Leaving out the pictures, write out exactly each line from the line with "癒されてください!ラチャノイ島_f0144385_21192592.jpg" through the close of the listing below.

Given data:
*** Block opens ***

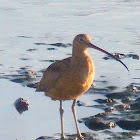 Long billed curlews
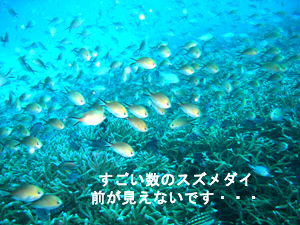 癒されてください!ラチャノイ島_f0144385_21192592.jpg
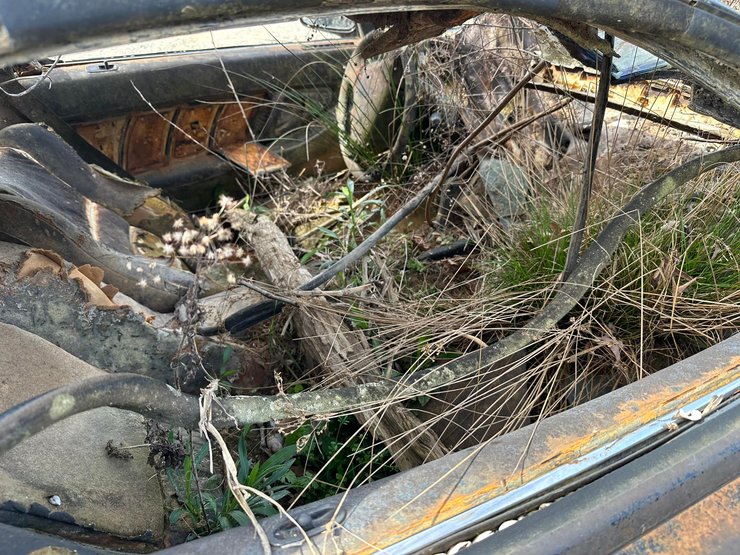 Acura NSX, Honda NSX, суперкар Honda, авто утопленник, японський суперкар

*** Block closes ***

Worked solution:
 癒されてください!ラチャノイ島_f0144385_21192592.jpg
 Acura NSX, Honda NSX, суперкар Honda, авто утопленник, японський суперкар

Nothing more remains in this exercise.